L’EXPIATION

Le Concerto de l’Adieu, composé par Georges Delerue pour Dien Bien Phu, 1992, film de Pierre Schoendorfer. Engagé dans le service cinématographique des armées, Schoendorfer couvre la bataille, mais, prisonnier, il détruit sa caméra et ses films, à l’instar de ses compagnons détruisant leurs armes lors de la reddition. Il passe une partie de sa carrière de cinéaste à rendre sa justice aux soldats engagés dans les guerres coloniales.

Le 7 mai 1954, le camp de Dien Bien Phu est pris par les troupes du Viet Minh. En France, c’est une surprise et un choc.

Il faut dire, d’abord, qu’en métropole, la population ne s’est pas énormément occupée de la guerre dans les anciens protectorat de la péninsule indochinoise. Le rationnement dure jusqu’en 1949. L’unité de la Libération a volé en éclat. La IVe république voit les gouvernements se succéder au gré des renversements d’alliances parlementaires. Le corps expéditionnaire monté et présenté d’abord comme une continuation de l’armée de libération envoyée poursuivre la guerre contre l’occupation japonaise n’arrive finalement sur place qu’après la reddition du Japon. La « Libération » devient reconquête. Politiquement, ça pèse lourd : les rôles s’inversent. Autre erreur politique : alors que jusqu’en 1946, Ho Chi Minh est disposé à une solution négociée lui permettant de ménager ses arrières alors qu’il se confronte au nord aux nationalistes chinois, la France provoque plusieurs incidents, notamment en violant les accords en matière de contrôle douanier.
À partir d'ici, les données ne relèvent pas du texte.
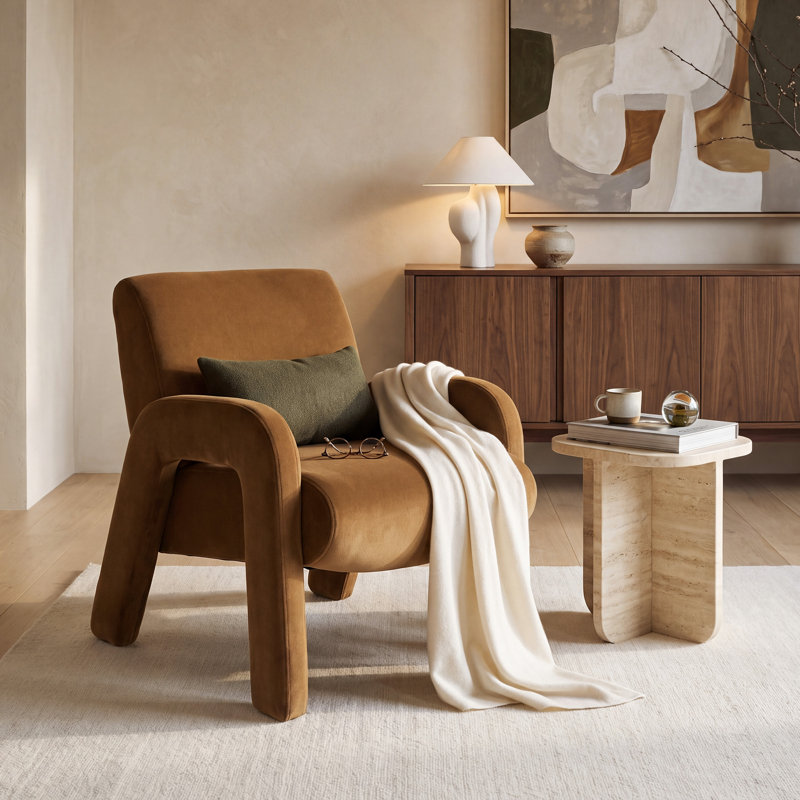 Fauteuil d'appoint moderne en velours COLAMY AURA, fauteuil lounge rembourré, camel, ensemble de 1/2, Chameau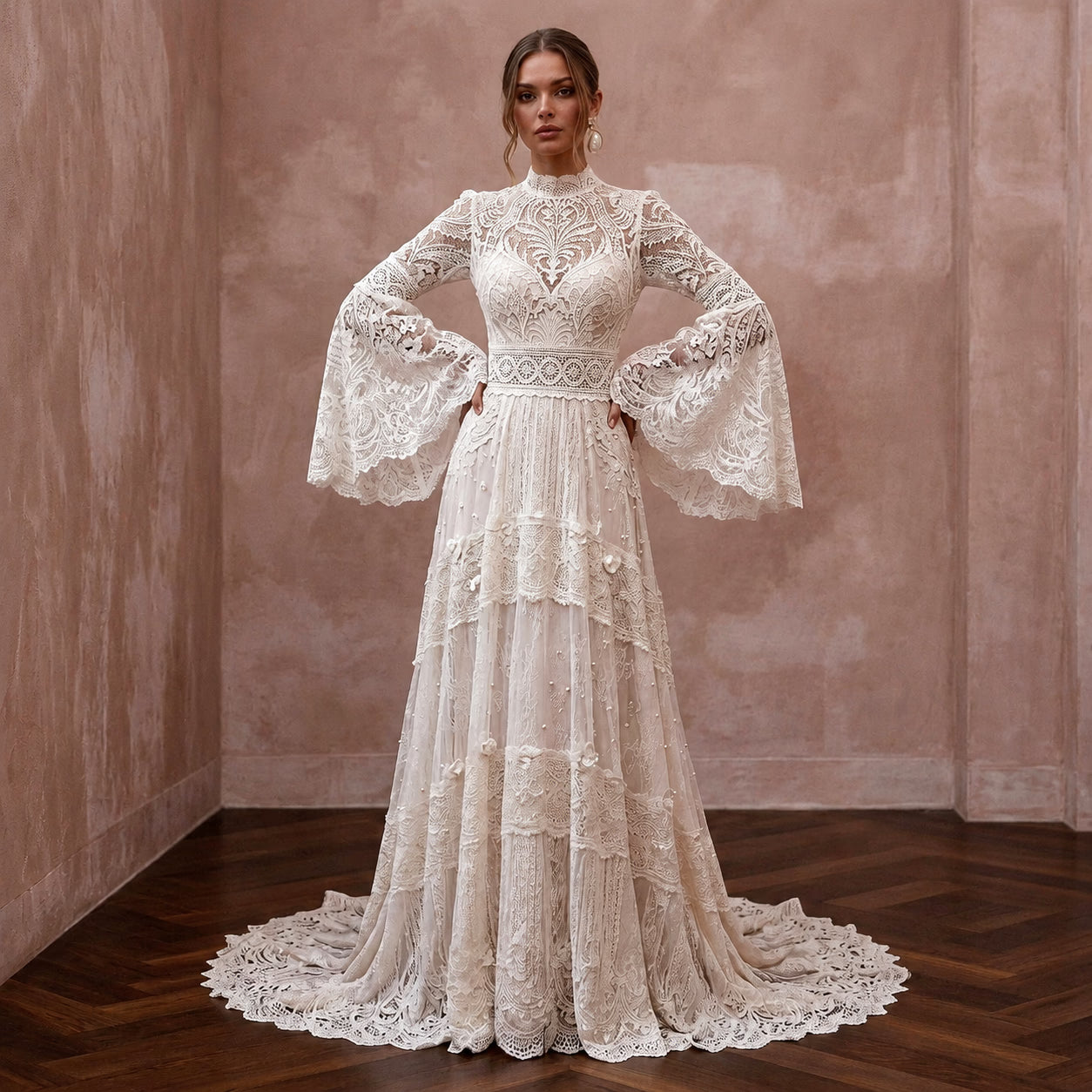 Vintage Lace Wedding Gown with Bell Sleeves for a Country Ceremony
La défaite française de Dien Bien Phu est une erreur stratégique, l’état-major français n’ayant pas cru à la capacité de Vo Nguyen Giap d’amener autour de son camp retranché une force suffisante. Or c’est pourtant ce qui arrive : des coolies transportent les pièces d’artillerie à pied ou en vélo le long des pistes et les retranchent dans des grottes. Le camp français n’a pas pu trouver, de son côté, de quoi renforcer ses abris. Le 13 mars 1954, le premier point d’appui tombe sur un déluge d’artillerie. L’officier d’artillerie qui s’était engagé à maintenir les canons du Viet Minh à distance se suicide.

Mais surtout, il semble que ce soit une leçon politique non-retenue de la Libération. Une force militaire hors-sol, sans appui de la population, et rapidement coupée de son ravitaillement, cède face à une armée de libération nationale dont la foi soulève des montagnes. Et renverse les collines. Les volontaires vietnamiens sont, pour reprendre le précepte de Mao, « dans la population comme le poisson dans l’eau. » Le corps expéditionnaire français s’y noie.

Erreur politique d’autant plus manifeste qu’elle emporte dans le naufrage un certain nombre de figures de la résistance. Marcel Bigeard, officier parachutiste, est fait prisonnier. Dix années auparavant, il était parachuté sur les maquis de l’Ariège. Est également anéantie dans la cuvette de Dien Bien Phu la 13e DBLE – demi-brigade de la légion étrangère. La 13 DBLE est Compagnon de la Libération. C’est celle de Bir Hakeim.

L’usage du vers de l’Expiation de Victor Hugo par Schoendorfer donne à penser :
« est-ce le châtiment, Dieu sévère ? »
Châtiment d’un empire colonial ? Châtiment de n’avoir pas compris le sens de l’Histoire ? Simple parallèle entre Waterloo et Dien Bien Phu ? Réflexe de chercher la faute qui amène le désastre ?

Et puis, cette défaite en Indochine laisse aussi une grosse tache morale dans les rangs de l’armée. Pour beaucoup d’officiers encore jeunes, issus des FFL et des FFI, le sentiment d’être envoyés faire le sale boulot d’une décolonisation que la classe politique ne veut pas gérer se fait de plus en plus présent. Ce sentiment va alimenter les volontés putschistes qui vont se manifester dans les années qui suivent en Algérie. Mais également le sentiment d’avoir carte blanche pour la répression et la contre-révolution, une « école française », en fait dans la continuité des méthodes de l’occupation nazie (tortures, représailles et absence de distinction entre civiles et militaires), qui est reprise à partir des années 60 sur le continent sud-américain.

Et pourtant, environ 40 ans avant Dien Bien Phu, Clémenceau disait déjà en pleine crise boulangiste :

“La guerre ! C’est une chose trop grave pour la confier à des militaires.”

Quelle qu’elle soit, maudite soit la guerre.